DIRECTIONS = Retype, word for word, each line between the lines holding "2012 PORSCHE CAYENNE" and "Photo 3 Sintra", inclusive, and leave the rest of the data alone.

════════

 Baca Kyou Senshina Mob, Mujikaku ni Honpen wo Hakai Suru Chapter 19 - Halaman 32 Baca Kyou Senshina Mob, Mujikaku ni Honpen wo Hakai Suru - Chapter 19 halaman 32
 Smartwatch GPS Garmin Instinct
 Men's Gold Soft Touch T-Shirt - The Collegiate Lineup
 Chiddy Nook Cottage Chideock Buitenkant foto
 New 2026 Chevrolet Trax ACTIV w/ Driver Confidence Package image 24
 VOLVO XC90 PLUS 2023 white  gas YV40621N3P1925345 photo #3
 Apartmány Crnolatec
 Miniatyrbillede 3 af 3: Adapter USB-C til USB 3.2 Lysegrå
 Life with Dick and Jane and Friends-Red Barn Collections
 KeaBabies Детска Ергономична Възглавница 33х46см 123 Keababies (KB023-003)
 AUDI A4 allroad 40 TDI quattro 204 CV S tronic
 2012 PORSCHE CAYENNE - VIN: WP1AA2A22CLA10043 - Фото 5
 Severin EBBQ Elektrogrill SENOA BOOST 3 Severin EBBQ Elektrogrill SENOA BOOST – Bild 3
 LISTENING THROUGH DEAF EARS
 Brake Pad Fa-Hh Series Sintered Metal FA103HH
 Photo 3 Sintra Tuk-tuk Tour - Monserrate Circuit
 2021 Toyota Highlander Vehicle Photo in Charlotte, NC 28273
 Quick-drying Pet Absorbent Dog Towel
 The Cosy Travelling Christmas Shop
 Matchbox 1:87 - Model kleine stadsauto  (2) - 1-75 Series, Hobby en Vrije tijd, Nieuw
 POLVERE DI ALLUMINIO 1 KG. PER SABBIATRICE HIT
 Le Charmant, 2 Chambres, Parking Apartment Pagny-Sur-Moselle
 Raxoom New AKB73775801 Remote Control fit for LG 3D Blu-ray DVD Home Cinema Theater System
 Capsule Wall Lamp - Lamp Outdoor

════════

RESPONSE TO THIS TASK =
 2012 PORSCHE CAYENNE - VIN: WP1AA2A22CLA10043 - Фото 5
 Severin EBBQ Elektrogrill SENOA BOOST 3 Severin EBBQ Elektrogrill SENOA BOOST – Bild 3
 LISTENING THROUGH DEAF EARS
 Brake Pad Fa-Hh Series Sintered Metal FA103HH
 Photo 3 Sintra Tuk-tuk Tour - Monserrate Circuit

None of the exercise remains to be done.